WORK REQUEST: Return the data exactly, apart from leaving out the pictures.

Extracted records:

[Start of Attachment]

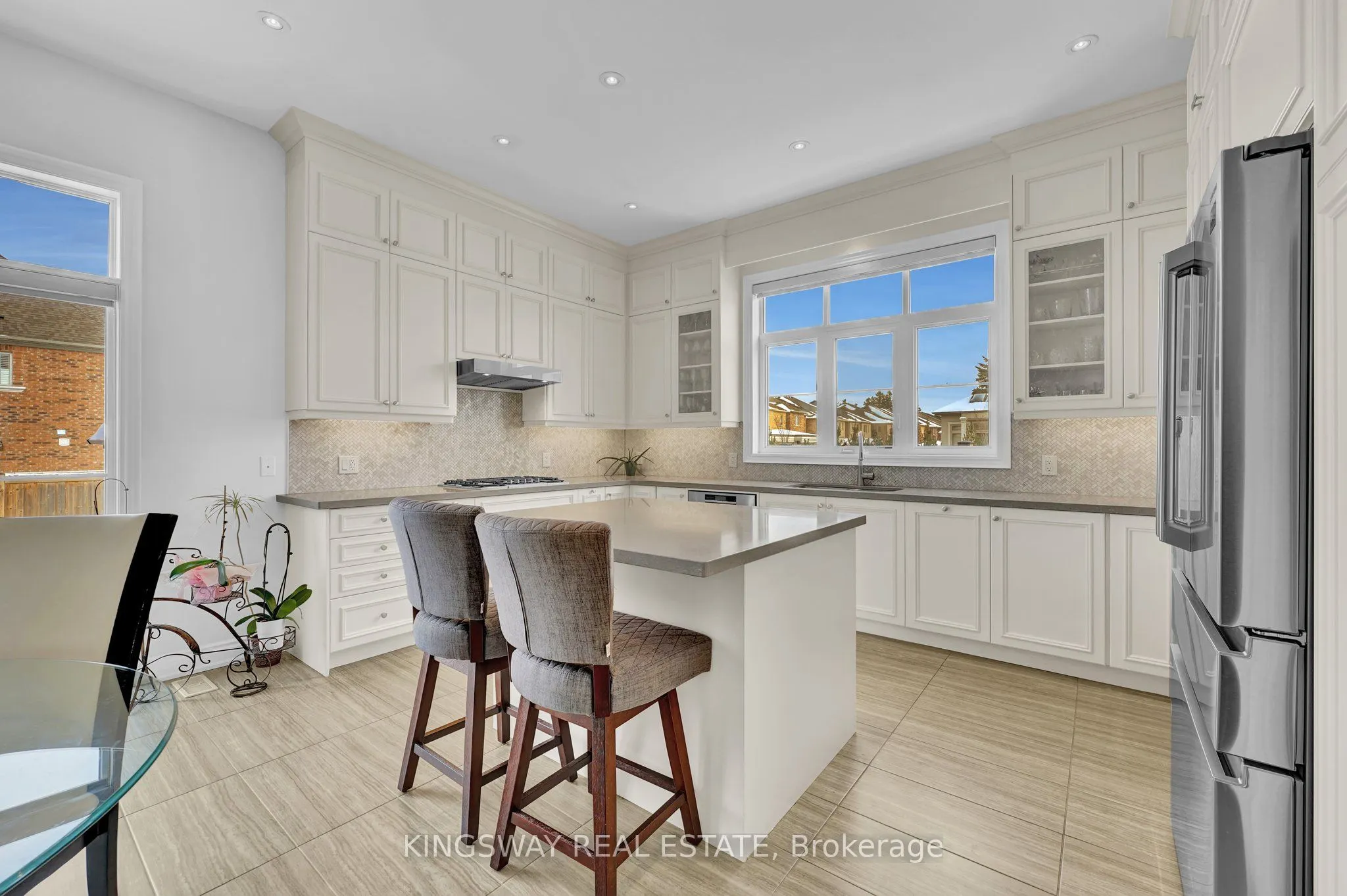 70 Bond Crescent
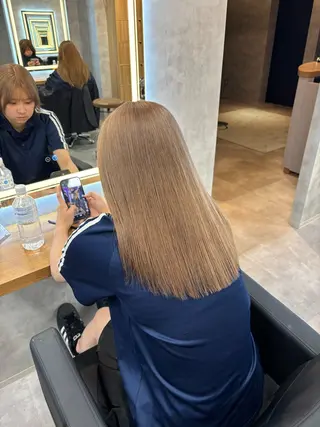 ロング カラー パーマ ヘアアレンジ 透明感ブリーチカラー 🌈TOMOHIROのヘアスタイル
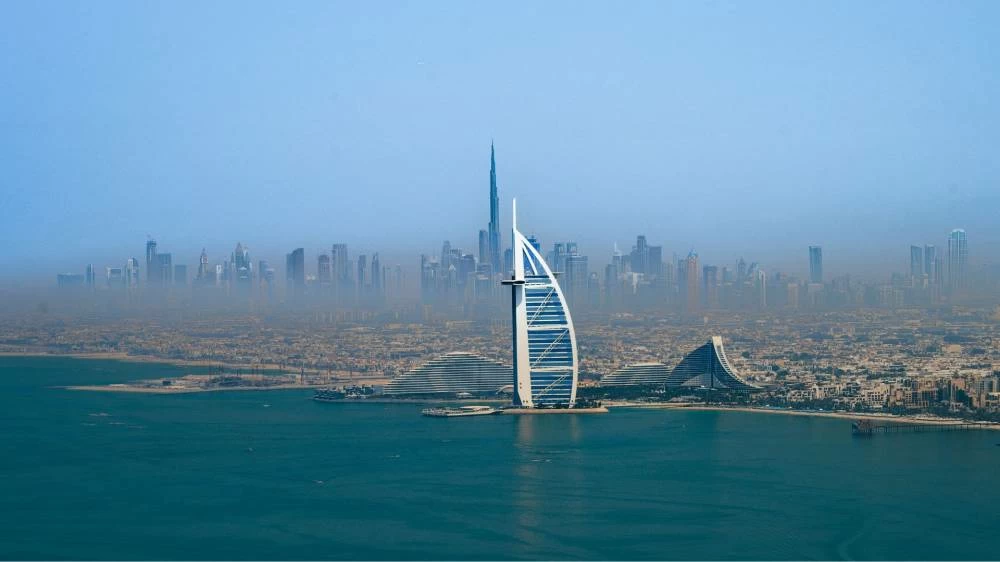 UAE weekend climate: Scorching days, humid nights, and perfect seashore evenings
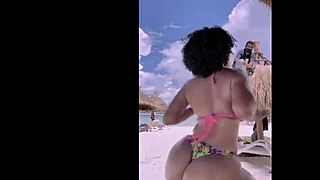 big booty shakes and jiggles making me so damn horny all night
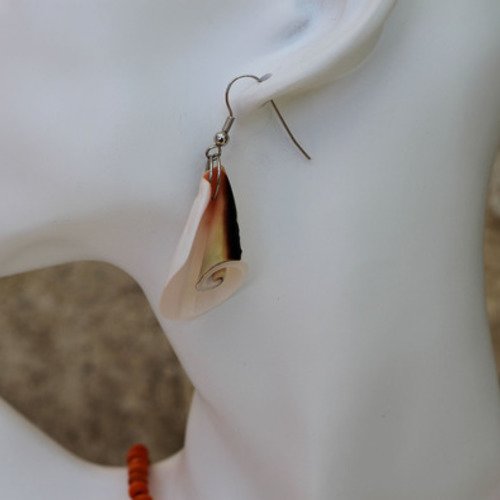 Parure sautoir pendentif et boucles d'oreilles agate-coquillage-bois à la couleur orangée modèle  "calmar"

[End of Attachment]

RESPONSE BOX:
 70 Bond Crescent
 ロング カラー パーマ ヘアアレンジ 透明感ブリーチカラー 🌈TOMOHIROのヘアスタイル
 UAE weekend climate: Scorching days, humid nights, and perfect seashore evenings
 big booty shakes and jiggles making me so damn horny all night
 Parure sautoir pendentif et boucles d'oreilles agate-coquillage-bois à la couleur orangée modèle  "calmar"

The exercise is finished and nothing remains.